Kids & Santa: Advice from Greear, LifeWay expert
NASHVILLE (BP) -- Navigating the "surprisingly emotional subject" of what to tell kids about Santa requires grace toward others and a focus on Jesus, say Southern Baptist Convention President J.D. Greear and LifeWay Christian Resources marriage and family strategist Joshua Straub.
Among the principles emphasized by both: Each family must follow their own convictions without judging or disparaging believers who differ.
Greear, pastor of The Summit Church in Raleigh-Durham, N.C., said "a lot of families parse this differently.... Having parented four kids now into their teenage years, I get more willing every year, I think, to show more grace about this."
Straub urged families to "follow your convictions" but "don't judge others for how they carry out their own Christmas traditions (see Romans 14).

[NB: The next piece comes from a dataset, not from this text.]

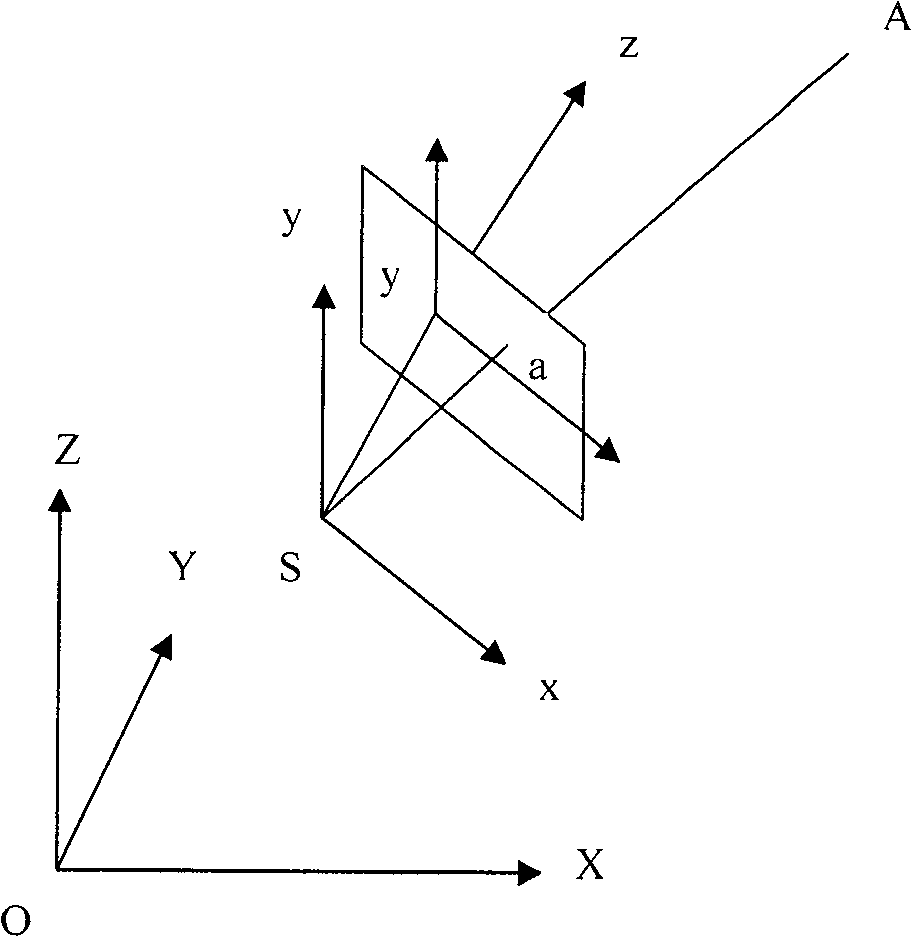 Estimate survey technique using metric camera cooperating with theodolite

Besides, there's already enough parent shaming to go around today."
In Greear's family, he and his wife Veronica entertained the "fantasy" of Santa Claus when their children were young, he said, then told them the truth as they got older and asked direct questions. He acknowledged his way of handling Santa isn't the only way godly believers can navigate the topic.
"I don't feel comfortable telling a direct lie to my kids about anything," Greear said. Yet "there is an appropriate and non-harmful place for fantasy in a child's life. Because of that, I don't mind playing kids games with my children when they're kids."
When Greear's children, who now range in age from 8-15, were 5 and under, J.D. and Veronica "would talk about Santa as if he were real" with "a twinkle" in their eyes, Greear said.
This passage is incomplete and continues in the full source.